How Reddit Cost Me My License Plate

I probably had the coolest license plate on the Internet. But Reddit made me give it up.

Source: imgur.com

A flash of light.

I’m used to it by now — not the god-awful halogen reflection of a car riding my bumper at night, but the tiny spark of a smartphone blinking in the dark. The sign that yet another person has taken a picture of my license plate. To save as a brief memento of our cars’ meeting, and to maybe upload to the one of the most popular sites on the internet.

“Just saw you on Reddit, lol,” was the text I woke up to on a Wednesday morning, from one of my early-bird friends.

As a Silicon Valley journalist more hardworking than popular, this was exciting. Hitting Reddit’s front page with a story, witty image link, or other social tidbit is one of the Holy Grails of Geek, particularly if you measure success in pageviews. A hit on Reddit can dump so many pageviews in your lap that you can practically swim through them in real life, Scrooge McDuck style.

“It’s your car again,” my friend added in a second text. Oh. That.

It wasn’t about my car, though. It’s my license plate.

Source: youtube.com

You’ve seen this video. Maybe. A man, Eduard Khil, strolls into the frame seemingly out of thin air, his skin and suit the same pallor as the mustard brown set around him. He looks like an alien. He casually delivers in a deep baritone a song that’s somehow beyond language. All totally out of sync. It is surreal, almost in a Lynchian way.

I sing like him, according to my girlfriend. So a few years ago, I got a custom license plate for my birthday: TROLOLO. I took it as a compliment.
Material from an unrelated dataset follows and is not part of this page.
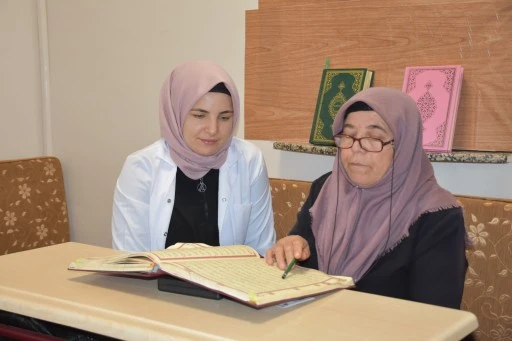 70 yaşında Kur'an-ı Kerim okumayı öğrendi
The Reddit post was not a compliment. The title: “This guy cut me off today in Palo Alto. At first, I was mad...then, I was totally okay with it.” It hyperlinked directly to an Imgur-hosted photo of my car, taken during my drive home from work from earlier that evening.

The image had more than 160,000 views. The thread, more than 182 comments. (Today it has over 424,000 views and over 200 comments.)

I have thick Internet skin. I live a fairly open Web life. I don’t lock down my Facebook. I don’t care who sees what I post on other social media. So it wasn’t the occasional Reddit comments about my driving skills that bothered me — apparently, “Trololo” has been more of a California driver lately than a grandmother. Or comments that I was “ probably a total db” and a “scumbag. Or even the Internet Tough Guy who thought someone should “smash [my] fucking windshield in.” Suck on a downvote.

It was the Gawker Stalker-style stalking.

One poster correctly noted that he (or she) had seen my car parked outside of a bar later that night. Others commented about areas where they’d seen my car driving around in Mountain View or Palo Alto. One commenter suggested forming a “Reddit hit squad” to track me down. Another suggested “we should collect and compile data on all of our sightings of this car (detailing time and place) to narrow down his where abouts [sic].”

Watching others try to guess where the “Trololo” car might live or work, or who it might belong to, was disconcerting at best — far beyond the usual creeps one gets from a run-of-the-mill threat to burn you alive after sodomizing your mother from an anonymous Web commenter or a pissed-off Facebook friend-of-friend. Because it was about me, in the real world.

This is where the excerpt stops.